Il conto dei dazi è più salato del previsto e lo stanno pagando in gran parte le imprese. Lo rileva l’Osservatorio di Unione italiana vini che ha elaborato gli ultimi dati sulle importazioni delle dogane americane e ha scoperto l’amara realtà: nel mese di luglio il vino italiano negli Usa è arrivato con prezzo medio ribassato (-13,5%) per rimanere competitivo anche una volta passato sotto la gogna delle tariffe.
La media a listino dei vini del Belpaese passa quindi dai 6,52 dollari/litro di luglio 2024 a 5,64 dollari del pari periodo di quest’anno, nonostante una fase di deprezzamento del dollaro Usa che dovrebbe invece spingere gli americani a spendere mediamente di più per comprare in euro. Secondo l’Osservatorio, dall’attivazione delle nuove tariffe a fine luglio (tre mesi) i vini italiani hanno subito tariffe aggiuntive pari a 61 milioni di dollari. Peggio è andata solo alla Francia con a 62,5 milioni di dollari.
«Dobbiamo evidenziare il sacrificio importante sui margini che stanno facendo le nostre imprese per fare fronte ai dazi statunitensi», ha detto il presidente di Unione italiana vini, Lamberto Frescobaldi, che già la scorsa settimana, dal Masaf, in occasione della presentazione delle stime vendemmiali aveva invitato a non sottovalutare il peso dei dazi. L’auspicata divisione in tre parti (5% alle aziende, 5% alla filiera Usa e 5% al consumatore finale), citata anche dal ministro dell’Agricoltura Francesco Lollobrigida, non si è tramutata in realtà. Semplicemente, rivela Frescobaldi «il vino sta uscendo dalle cantine a prezzi inferiori, e questo testimonia che buona parte delle imprese si sta assumendo in toto il dazio per rimanere competitive».
Ma c’è di più: secondo Uiv si stanno paradossalmente riscontrando ingiustificati aumenti nei punti vendita a stelle e strisce. «Ci risulta che i prodotti allo scaffale facciano parte degli stock pre-dazi accumulati nei primi mesi dell’anno – ha aggiunto il presidente Uiv – dispiace, perciò, assistere ad aumenti che non hanno ragion d’essere. Speculazioni di alcuni che non aiutano le nostre imprese ma nemmeno i partner del trade statunitense che si oppongono anch’essi alle tariffe».

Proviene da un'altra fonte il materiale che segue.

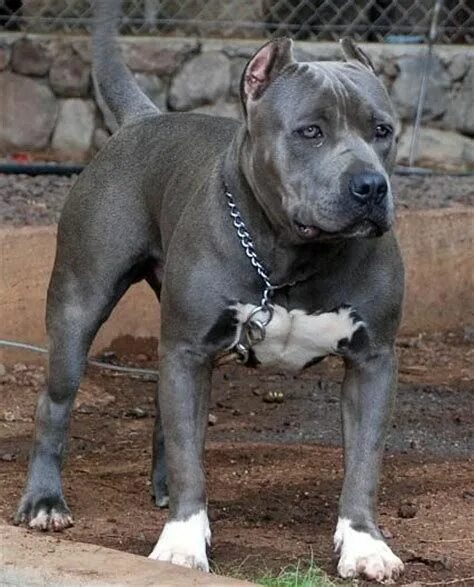 Питбуль серый фото 82 Imágenes Y Frases Gratis De Buenos Dias Imágenes Pitbull dog, Pitbull dog bre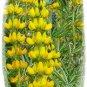 Sweet Lupin yellow, a lot of protein, about 50 seeds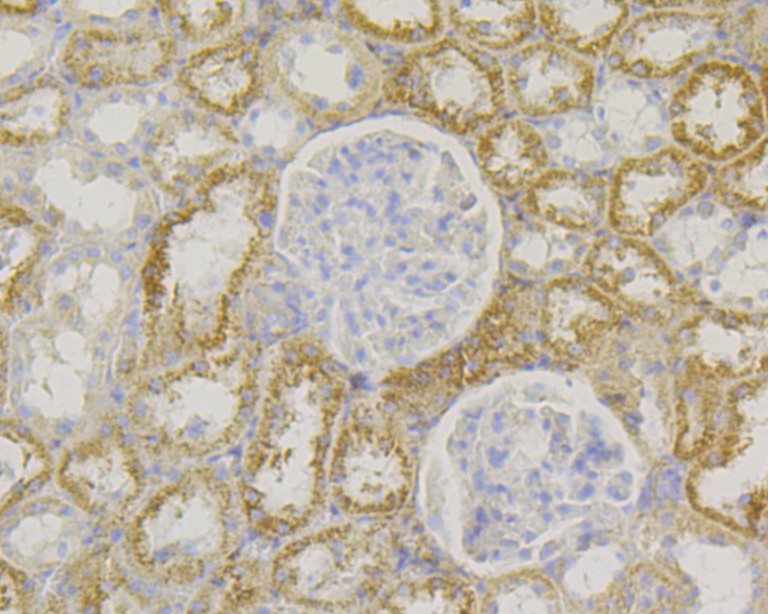 Fig4:; Immunohistochemical analysis of paraffin-embedded rat kidney tissue using anti-SLC8B1 antibody. The section was pre-treated using heat mediated antigen retrieval with Tris-EDTA buffer (pH 8.0-8.4) for 20 minutes.The tissues were blocked in 5% BSA for 30 minutes at room temperature, washed with ddH; 2; O and PBS, and then probed with the primary antibody ( 1/50) for 30 minutes at room temperature. The detection was performed using an HRP conjugated compact polymer system. DAB was used as the chromogen. Tissues were counterstained with hematoxylin and mounted with DPX.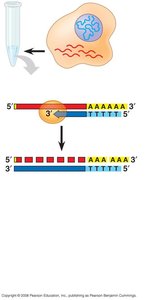 Reverse transcription of mRNA to cDNA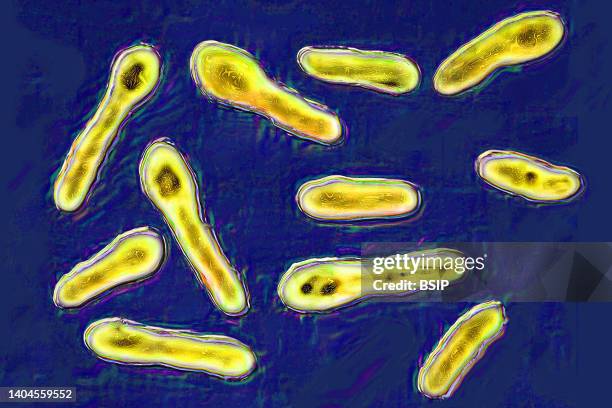 Clostridium botulinum or botulinum bacillus is a bacterium that secretes botox, a toxin that inhibits the neurons responsible for muscle contraction....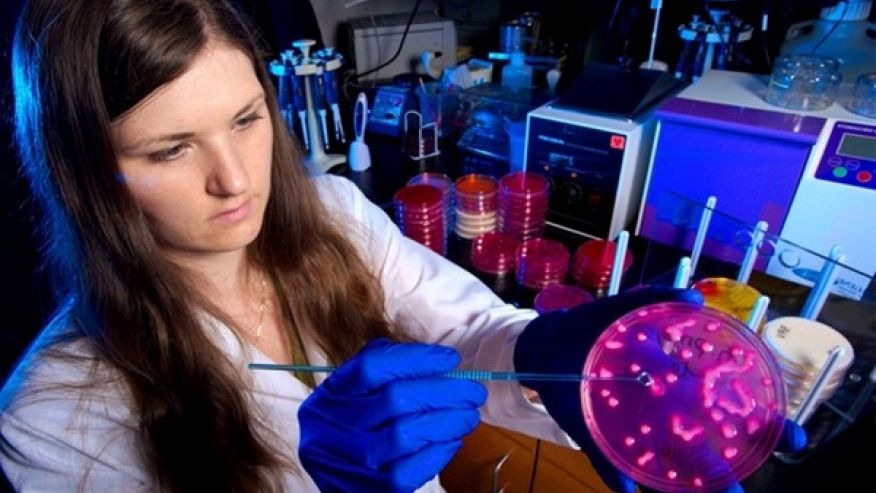 Las superbacterias amenazan a los pacientes en los hospitales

Da qui la richiesta dell’associazione di attivare una promozione straordinaria proprio a partire dalla piazza statunitense già dal 2026. Una reazione concepita a regia pubblico-privata e basata sull’unicità del bere italiano, che oltre agli Stati Uniti si concentri su mercati promettenti come Uk, Canada, Brasile.